“Folks,” a Gorham snowmobiling club posted somewhat sternly on Facebook last week, “the trails are not open.”

A runner jogs past the Public Market House in Monument Square in Portland on Friday morning. Last month, 5.1 inches of snow fell in Maine’s largest city – generally, it has 14.8 inches. Gregory Rec/Staff Photographer

Defying the ongoing snow deficit, some people had traveled out on mud instead. Across the state right now, in the middle of Maine’s fastest-warming season, mud abounds and more rain is on the way. 

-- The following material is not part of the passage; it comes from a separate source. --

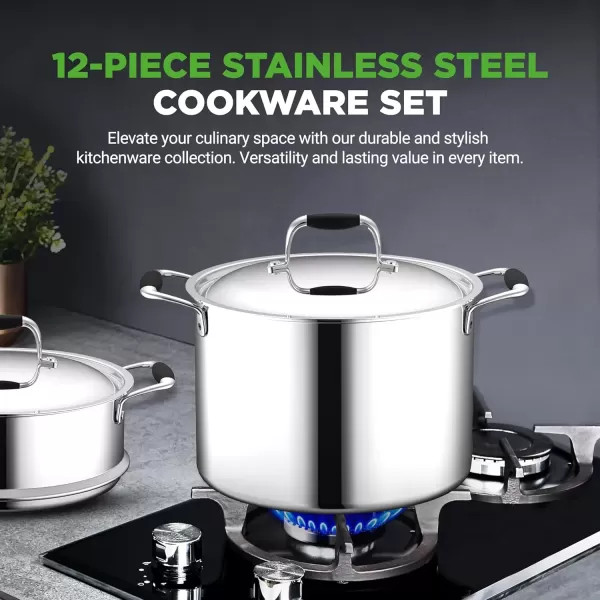 imageNutriChef 12Piece Stainless Steel Kitchenware  Pots ampamp Pans Set Clad Kitchen Cookware w Silicone Grip Handles Fry Pan Interior Coated w Prestige Ceramic NonStick Coating Stylish Kitchen CookwareStainless Steel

The snow statistics in and around Portland have been particularly stark: In October, Portland had no snow versus an average of 1.1 inches; in November, 0.7 inches compared to the average 2 inches, and last month, 5.1 inches of snow fell in Portland – generally, the city has 14.8 inches. 

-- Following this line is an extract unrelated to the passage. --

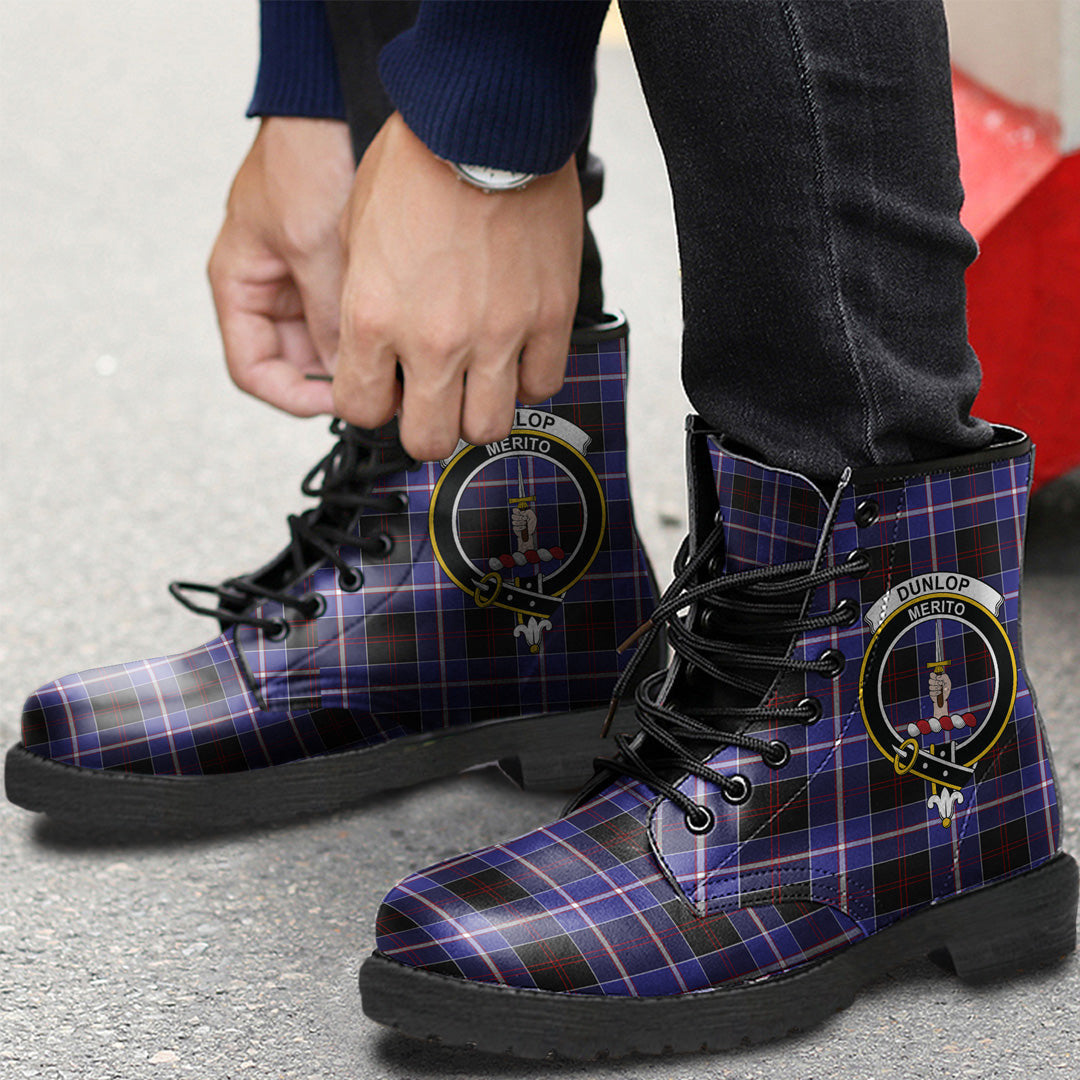 Dunlop Modern Tartan Crest Leather Boots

By mid-December, Bangor, which would usually have had around 9 inches of snow, had but 1 inch. Between the beginning of October and the end of December, Caribou had 11.3 inches of snow; normally it gets about 17 in the same period.

There is no mystery here. Maine has lost three weeks of winter in the past 100 years. The effects of these conditions on a host of popular pursuits central to our state’s identity – skiing, ice fishing, skating, dog sledding and more – are clear.

Our report on the pronounced lack of snow last Sunday featured the voices of a host of snowmobilers, cross-country ski and snowshoe trail owners and operators, some optimistic, some pessimistic. “Keep thinking positive!” said one. “Mother Nature has not been good to us here in Maine,” said another.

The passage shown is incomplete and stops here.